Brief ▸
From the listing below, output the lines between the one with "dysfunction, and anorgasmia" and the one with "United Orthopedic’s implants, instruments", including those two, and nothing else. Pictures are not copied.

Data to use ▸
· · · · · · ·

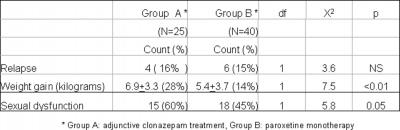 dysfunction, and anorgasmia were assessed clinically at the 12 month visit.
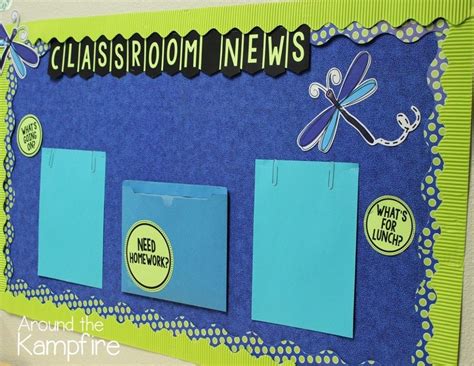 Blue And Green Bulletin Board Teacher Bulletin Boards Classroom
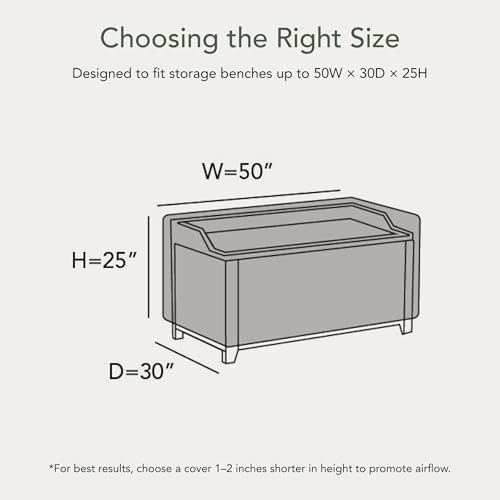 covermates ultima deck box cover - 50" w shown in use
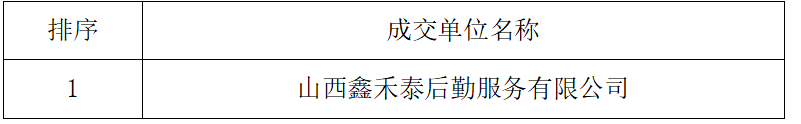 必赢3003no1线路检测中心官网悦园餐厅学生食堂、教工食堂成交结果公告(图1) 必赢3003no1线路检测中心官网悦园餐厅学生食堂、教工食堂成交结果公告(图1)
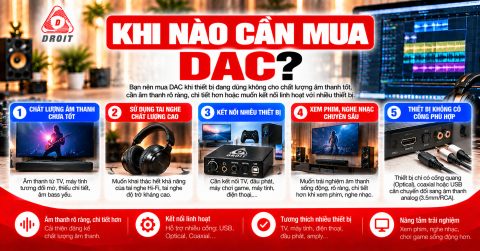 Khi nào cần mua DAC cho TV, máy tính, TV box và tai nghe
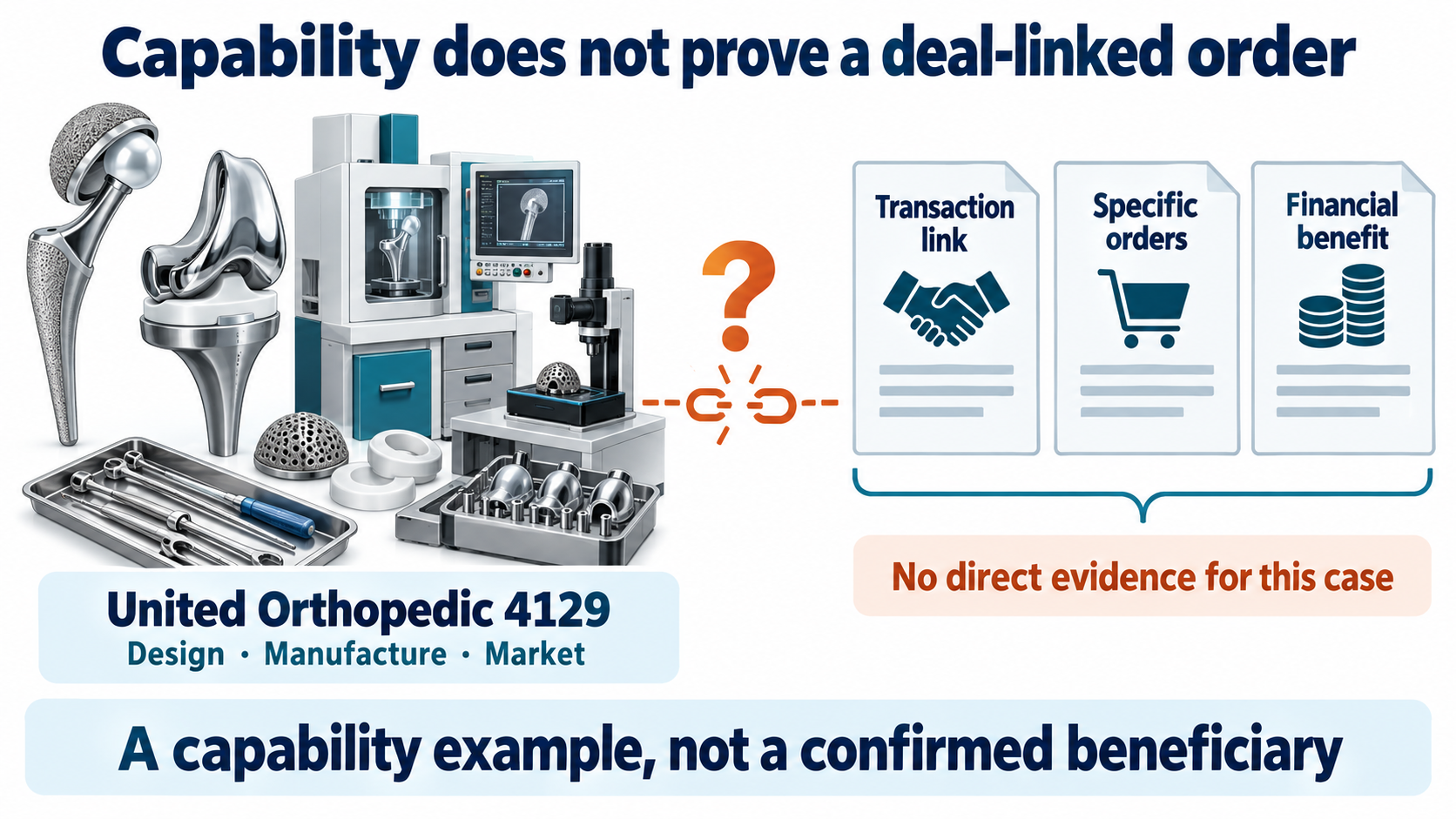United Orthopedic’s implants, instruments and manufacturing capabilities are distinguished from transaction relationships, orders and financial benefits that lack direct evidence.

· · · · · · ·

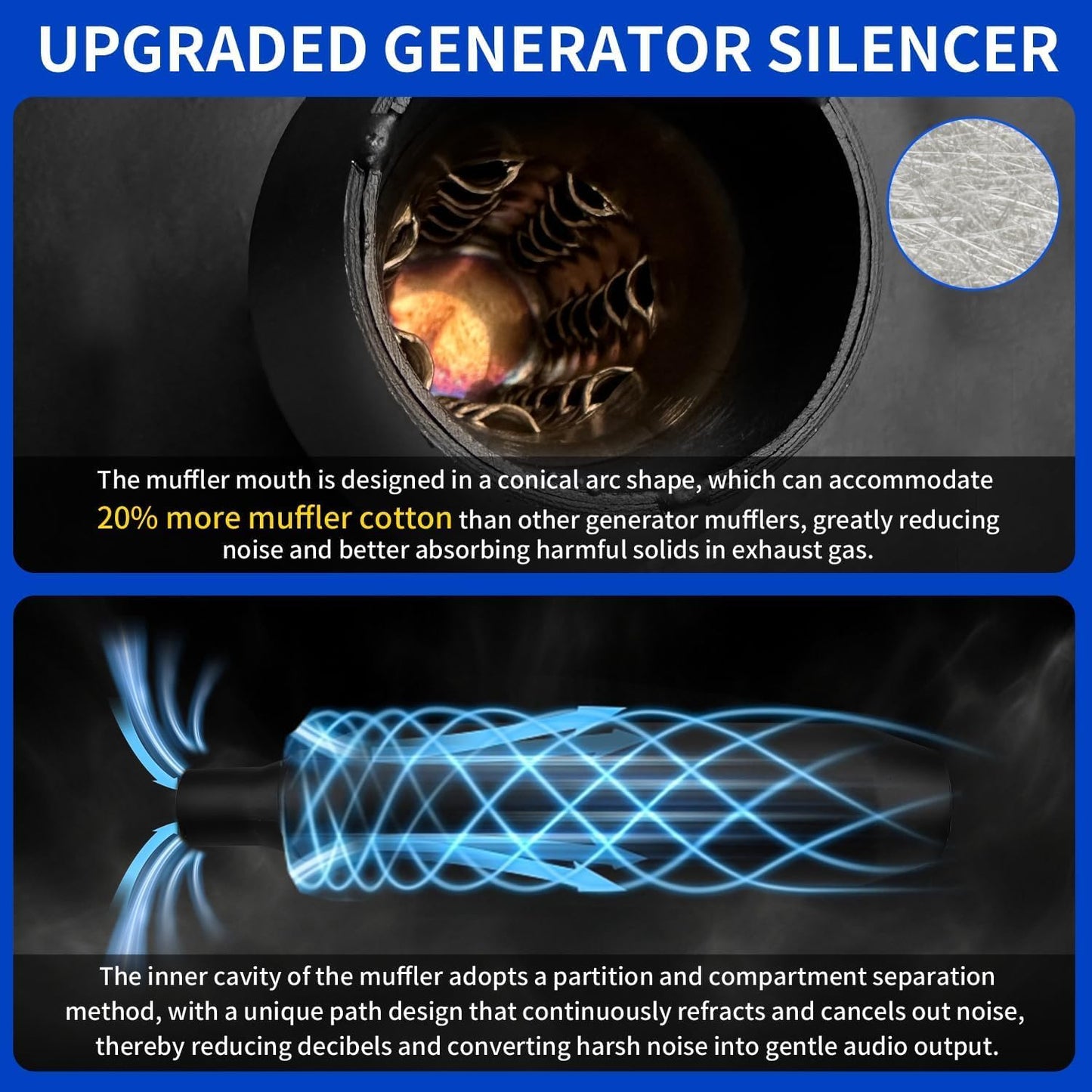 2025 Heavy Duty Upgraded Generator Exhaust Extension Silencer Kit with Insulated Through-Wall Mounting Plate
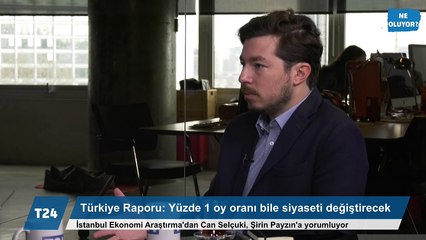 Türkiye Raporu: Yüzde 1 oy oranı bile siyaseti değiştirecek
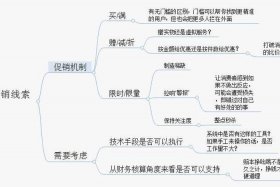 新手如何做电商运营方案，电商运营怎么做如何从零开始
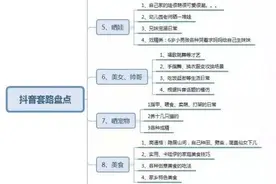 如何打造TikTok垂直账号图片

· · · · · · ·

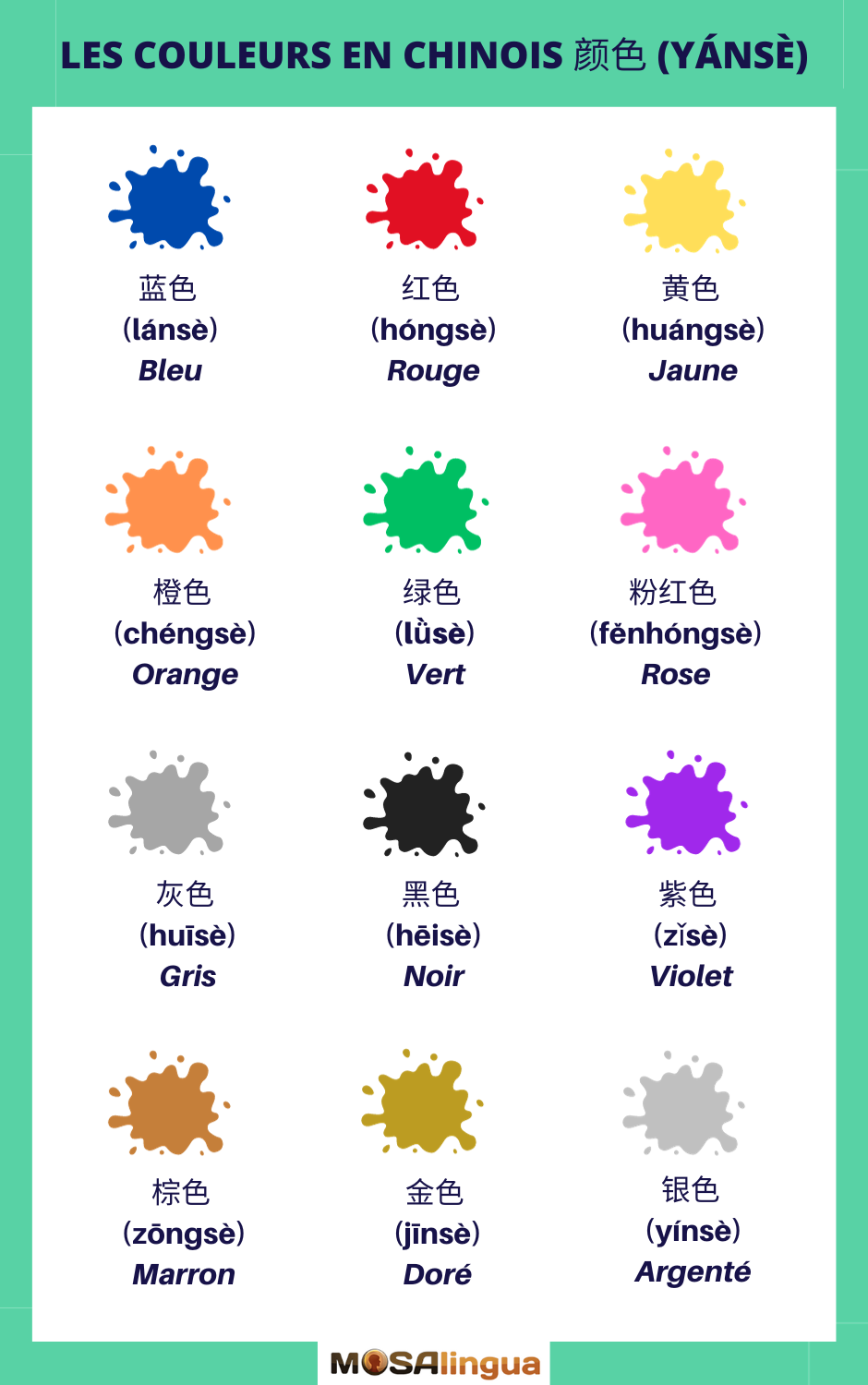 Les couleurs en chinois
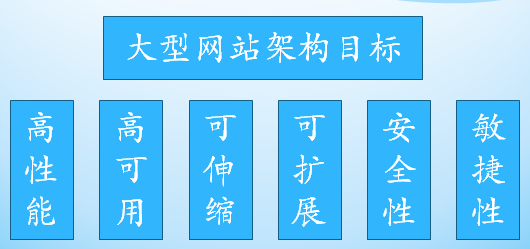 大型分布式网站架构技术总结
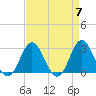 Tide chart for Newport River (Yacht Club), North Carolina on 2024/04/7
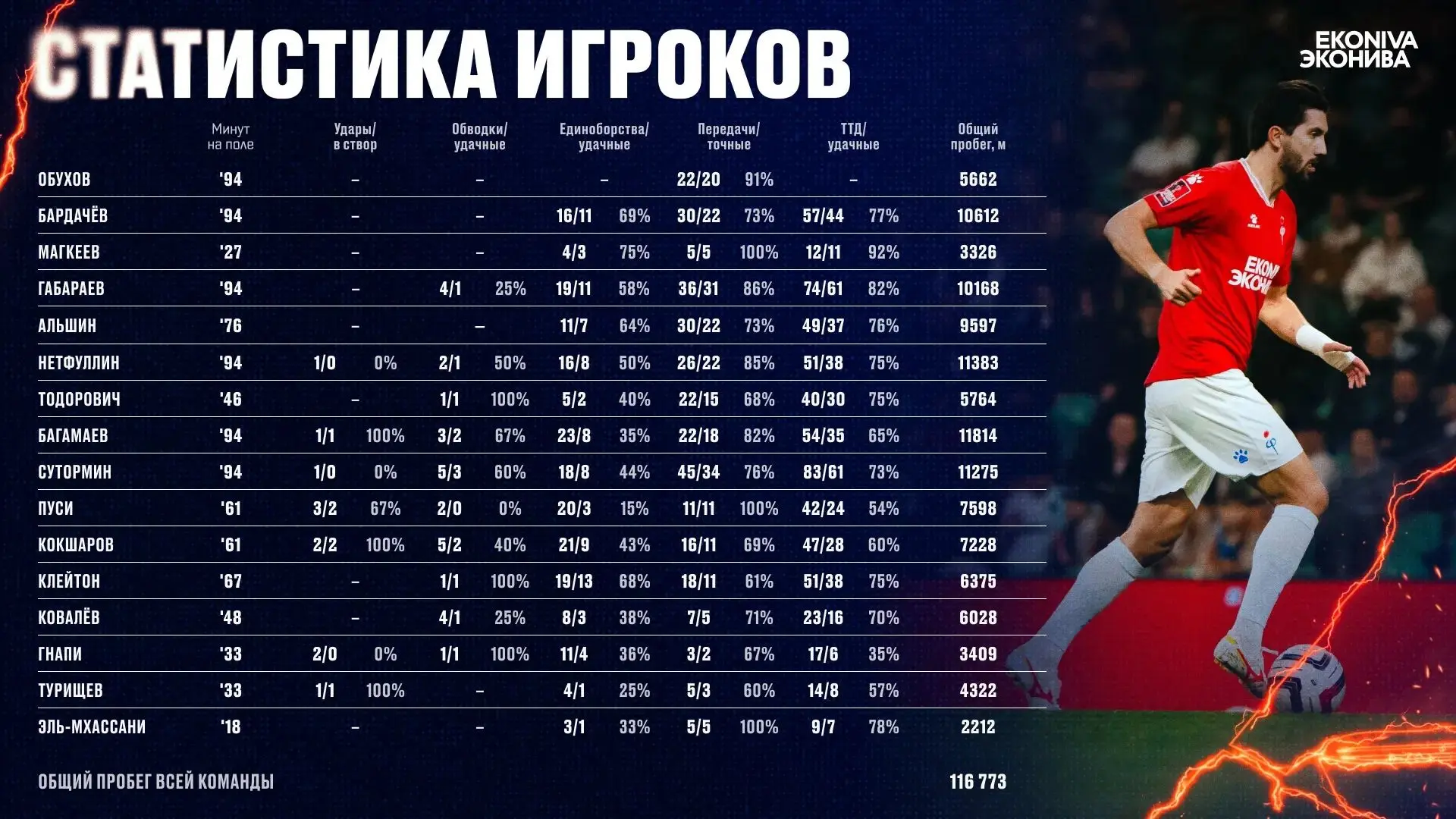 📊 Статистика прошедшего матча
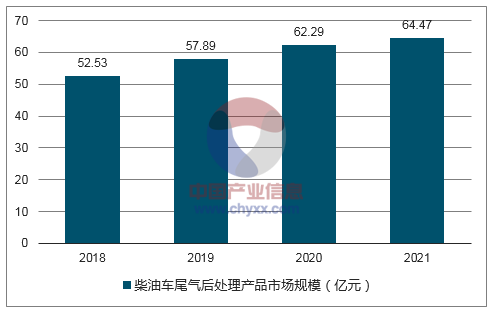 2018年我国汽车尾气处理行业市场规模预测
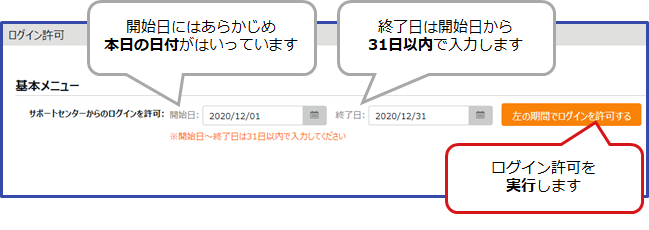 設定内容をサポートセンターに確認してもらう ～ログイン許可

· · · · · · ·

Solution ▸
 dysfunction, and anorgasmia were assessed clinically at the 12 month visit.
 Blue And Green Bulletin Board Teacher Bulletin Boards Classroom
 covermates ultima deck box cover - 50" w shown in use
 必赢3003no1线路检测中心官网悦园餐厅学生食堂、教工食堂成交结果公告(图1) 必赢3003no1线路检测中心官网悦园餐厅学生食堂、教工食堂成交结果公告(图1)
 Khi nào cần mua DAC cho TV, máy tính, TV box và tai nghe
United Orthopedic’s implants, instruments and manufacturing capabilities are distinguished from transaction relationships, orders and financial benefits that lack direct evidence.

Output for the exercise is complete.